→ ABOUT THIS TASK:
Return exactly the lines from the start of the records below through the line containing "Image 3 : Peruvian", both ends included, and leave out the pictures.

→ STUDY MATERIAL:
☆ ☆ ☆ ☆ ☆ ☆ ☆

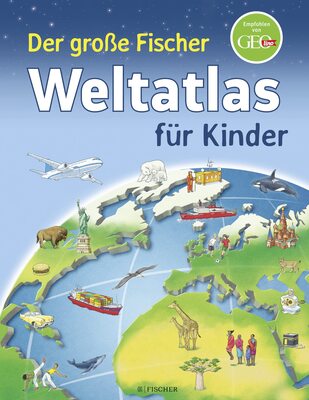 Alle Details zum Kinderbuch Der große Fischer Weltatlas für Kinder und ähnlichen Büchern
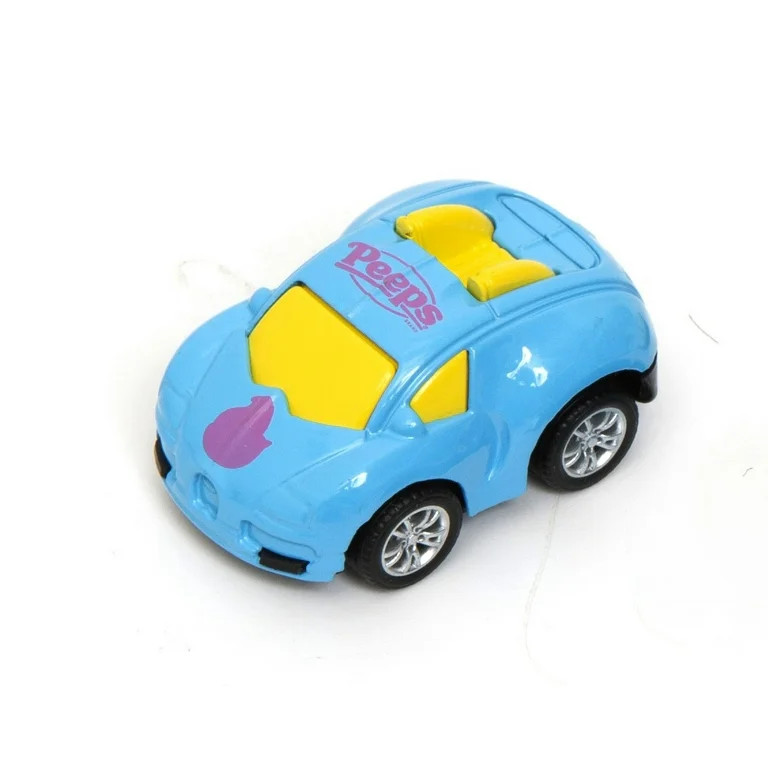 Peeps Mini Die-Cast Pull Back Cars – Easter Egg Surprise Toy | Walmart (US)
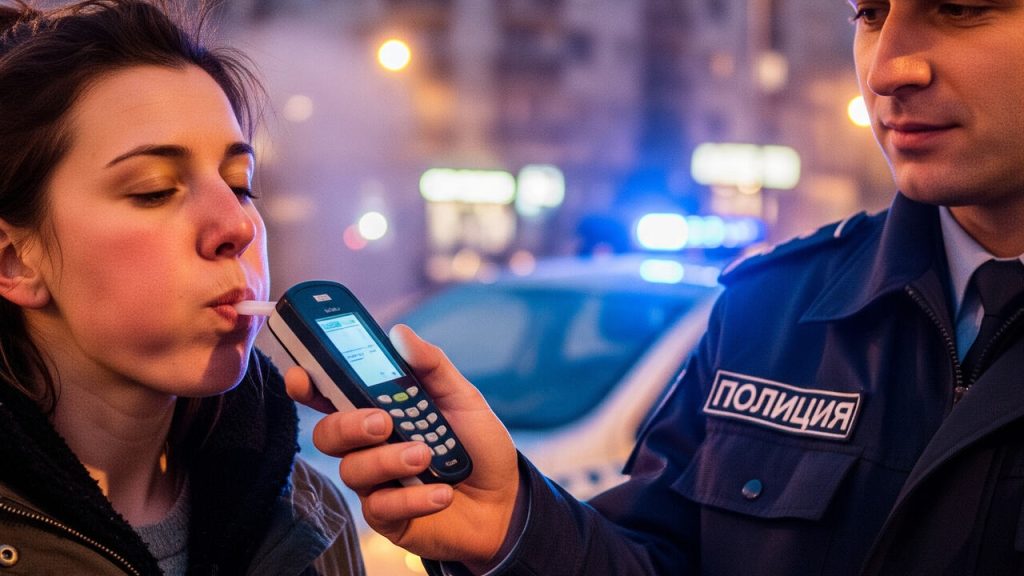 Полицейска операция срещу пияни и дрогирани шофьори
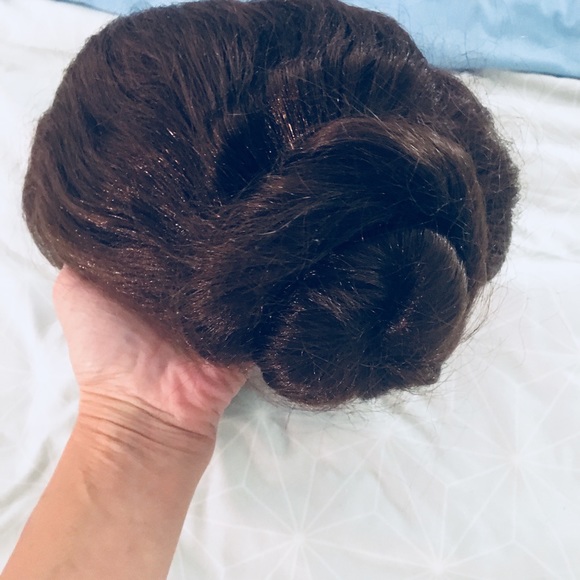 ‼️SOLD‼️Princess Leia wig‼️ - Picture 2 of 4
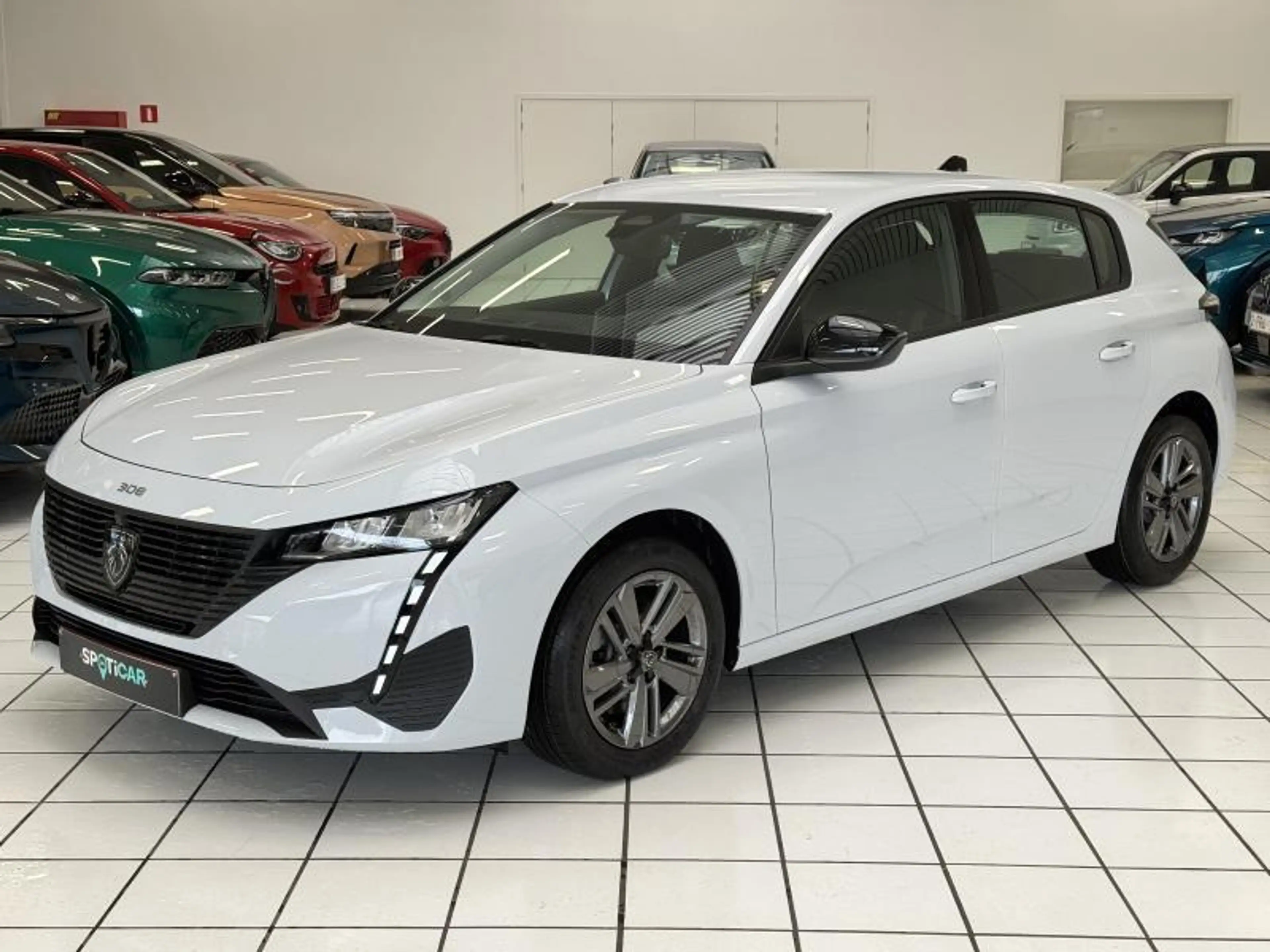 Peugeot 308 *** Active MHEV *** — photo 3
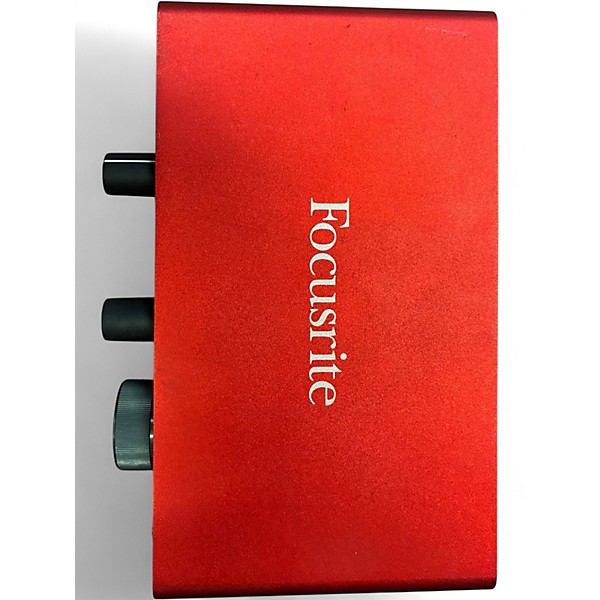 Used Focusrite Scarlett Solo Audio Interface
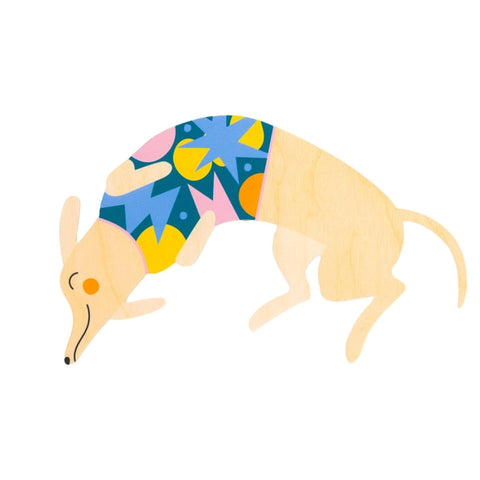 Winston The Sausage Dog Wall Decor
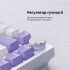 Клавіатура Ajazz AK820 Sea Salt Switch White USB-C (AK820-SS-PWB)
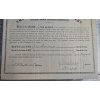 Image 3 : Peruvian External Debt Chilean Assets Balance Certificate from 1893, Rare Collectible Document.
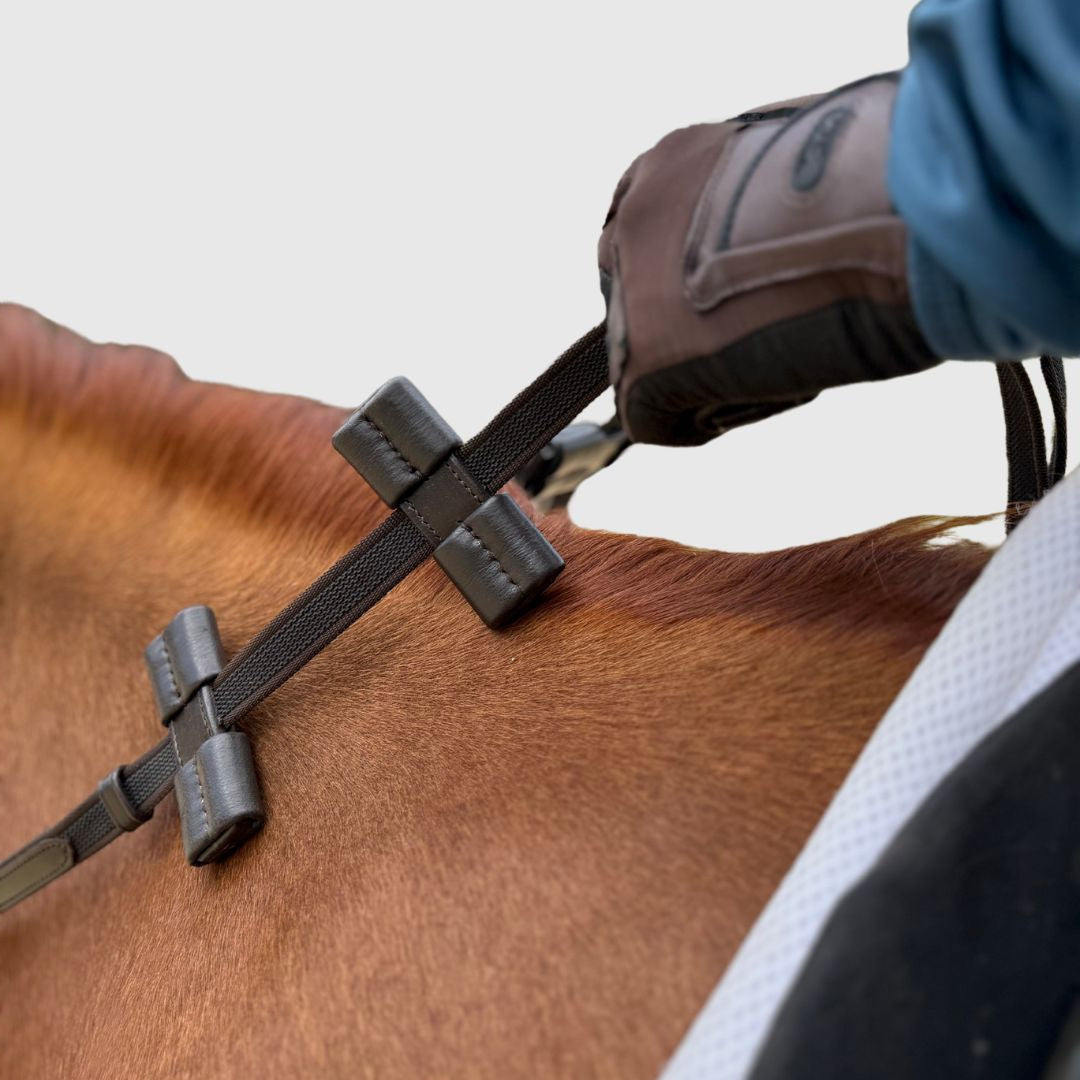Correct Connect - Aaron Vale Rein-3 Padded Hand Grips (Pony)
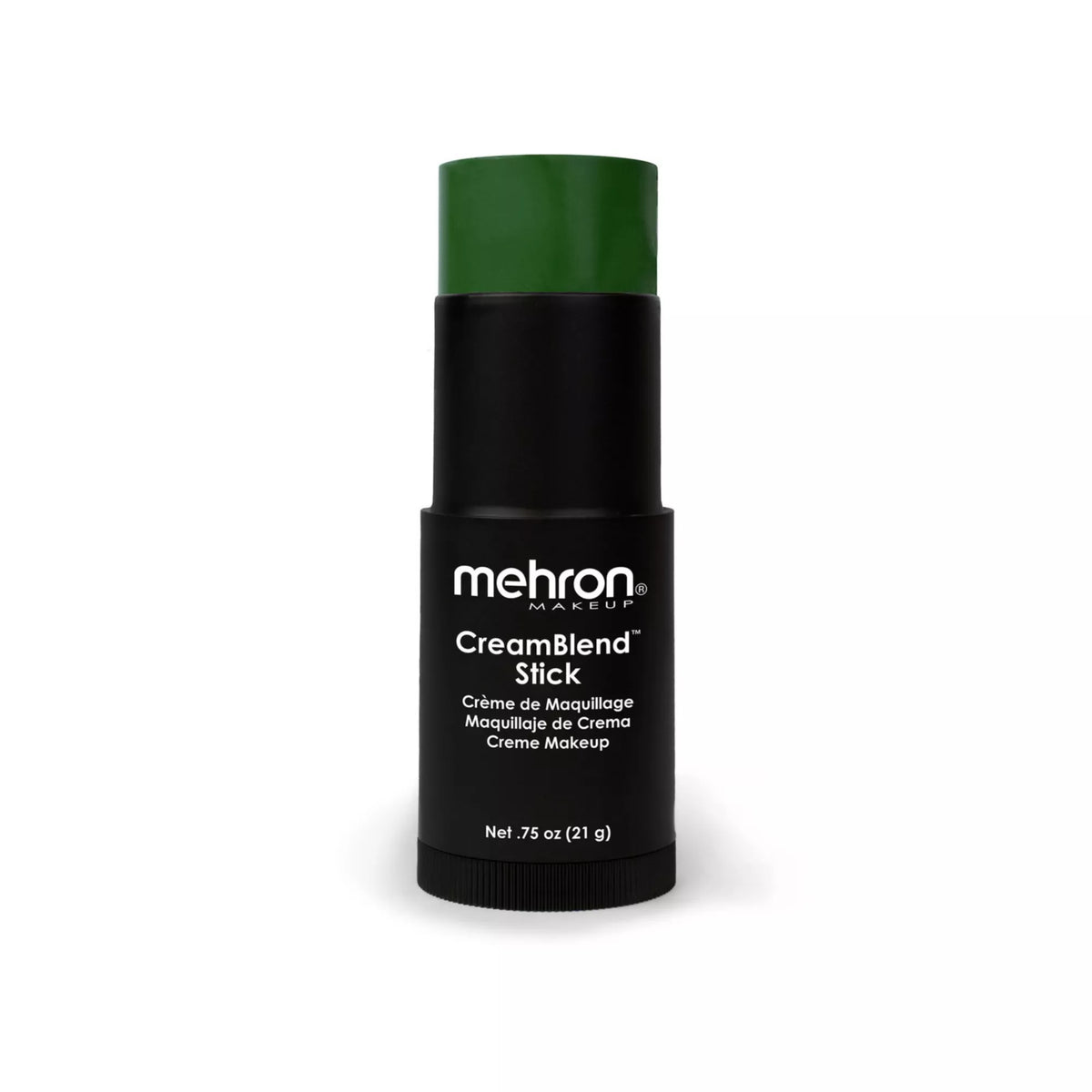 Mehron Green CreamBlend™ Stick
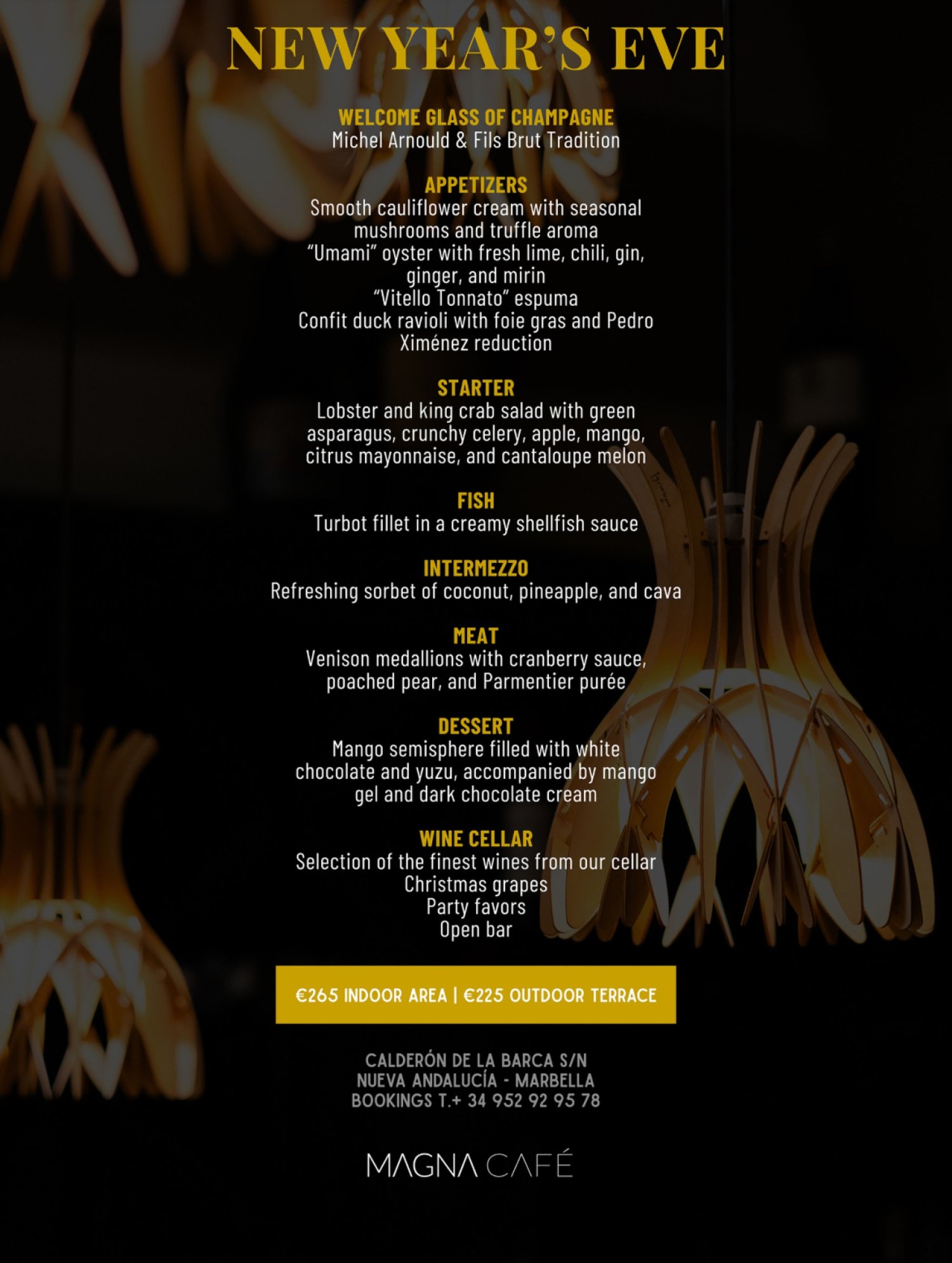 Magna Café New Year´s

☆ ☆ ☆ ☆ ☆ ☆ ☆

→ SOLUTION TO THIS TASK:
 Alle Details zum Kinderbuch Der große Fischer Weltatlas für Kinder und ähnlichen Büchern
 Peeps Mini Die-Cast Pull Back Cars – Easter Egg Surprise Toy | Walmart (US)
 Полицейска операция срещу пияни и дрогирани шофьори
 ‼️SOLD‼️Princess Leia wig‼️ - Picture 2 of 4
 Peugeot 308 *** Active MHEV *** — photo 3
 Used Focusrite Scarlett Solo Audio Interface
 Winston The Sausage Dog Wall Decor
 Клавіатура Ajazz AK820 Sea Salt Switch White USB-C (AK820-SS-PWB)
 Image 3 : Peruvian External Debt Chilean Assets Balance Certificate from 1893, Rare Collectible Document.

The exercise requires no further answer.